GLOUTHANE is a union embracing the ancient parishes of Caherlag, Little Island* Ballydeloher, Killaspugmullane and Kilquane…..
*Little Island, so called in contradistinction to the Great Island or the Cobh of Cork. Names by which Little Island has appeared in the various records are: Cellescop Lappan (from Saint Lappan whose feast occurs on 26 March); De Insula; Ecclesia Sancta Lappani de Insula Parva; Ecclesia Sancta Lappani de Inysmemele; Sancta Lappani de insula parve als inish vic Neyl. Mac Neill was a chieftain of the Uí Tassaigh who inhabited this district.
E. Bolster, A History of the Diocese of Cork: From the Earliest Times to the Reformation (Irish University Press, 1972), p.282.

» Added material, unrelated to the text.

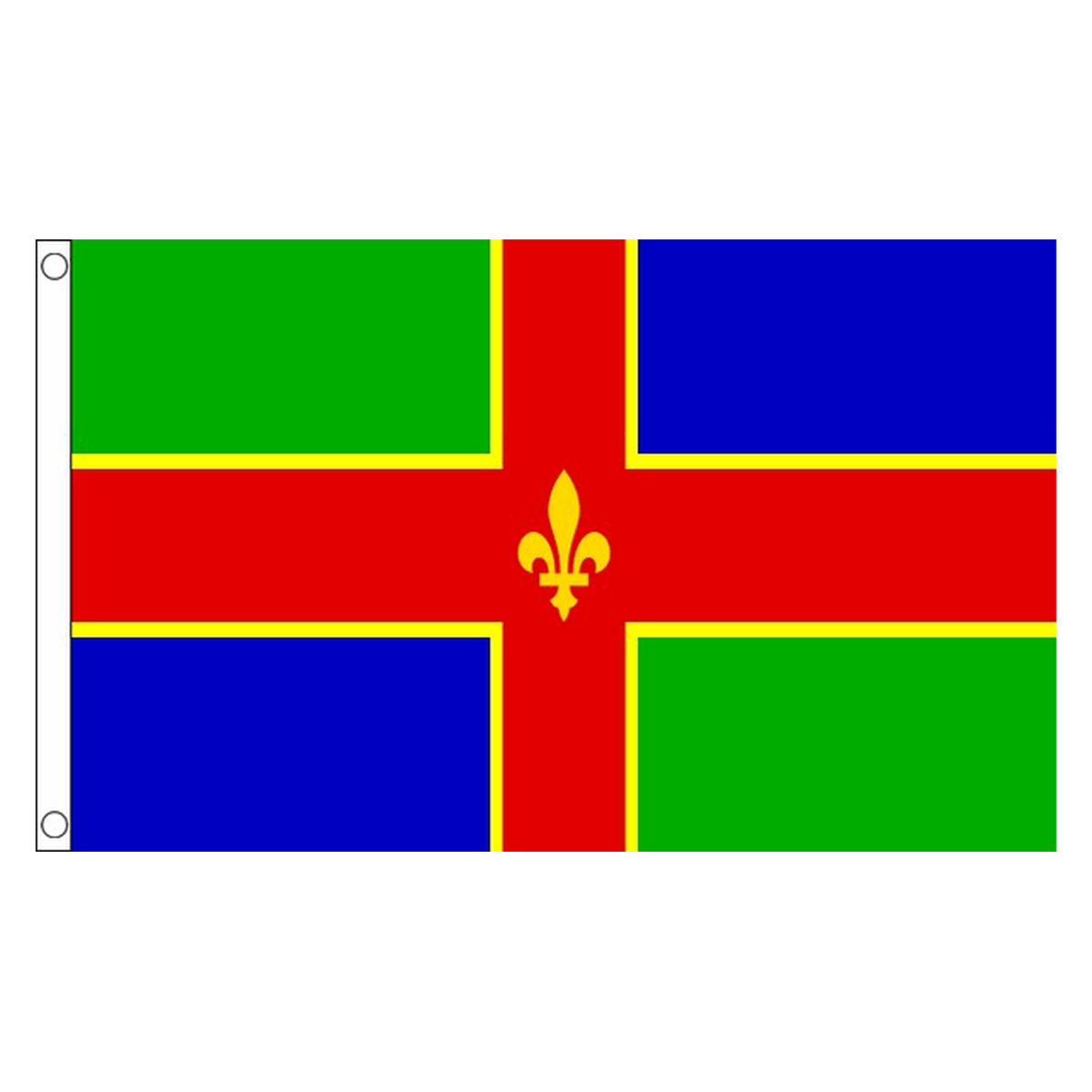 Lincolnshire county flag with red cross edged in gold, green and blue quarters and gold fleur-de-lis, 5ft x 3ft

I only wish the author had given the grounds on which this identification was made, as the martyrologies do not make reference to the location or to any other identifiers of the saint commemorated on this day. The Martyrology of Tallaght simply lists the name of Lapán on March 26, whilst his name is not found among the entries for the day in the Martyrology of Oengus. Turning to the later calendars of the saints, the twelfth-century Martyrology of Gorman records ‘very holy Loppán’ and the seventeenth-century Martyrology of Donegal notes Lappan as the final name in the list of saints commemorated, again without reference to a place or other information which may have helped us to identify this saint with the bishop of Little Island. 

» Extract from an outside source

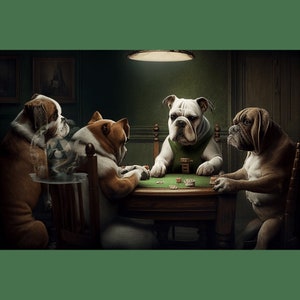 Add a Touch of Humor to Your Walls with Our Dogs Playing Poker Digital Download!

Earlier diocesan historian, Canon Patrick Power, writing on the parish of Little Island in a 1921 paper noted: 

Three Lappans are enumerated in the Irish Martyrologies, but which, if any, of these is our Lappan of the Island we have nothing to indicate.
Rev. P. Power,  Place-Names and Antiquities of S.E. County Cork. Barony of Barrymore. Part III. Proceedings of the Royal Irish Academy. Section C: Archaeology, Celtic Studies, History, Linguistics, Literature, 36, (1921) 164–205 at p. 184. 

 Canon O'Hanlon, in Volume III of his Lives of the Irish Saints also did not make a link between the Saint Lapán of March 26 and the Cork Bishop of Little Island:

ARTICLE V.—St. LAPPAN, OR LAPPANUS. 

A record is found, in the Martyrology of Tallagh, at the 26th of March, regarding a St. Lappan. The Bollandists notice him, at the same date, as Lappanus. Again, Lappan is set down, in the Martyrology of Donegal, as having a festival, at this date, but without any relation to a locality.

It seems, therefore, that Saint Lapán is one of many Irish saints whose memory lives on in the place name of his church, but about whom no historical information has survived. There seems to be nothing in the calendar entries to confirm Bolster's contention that the saint commemorated on March 26 is Lapán of Little Island and her footnote is the only source I have been able to find for this claim. If anyone knows of any further sources I would be most interested to hear of them.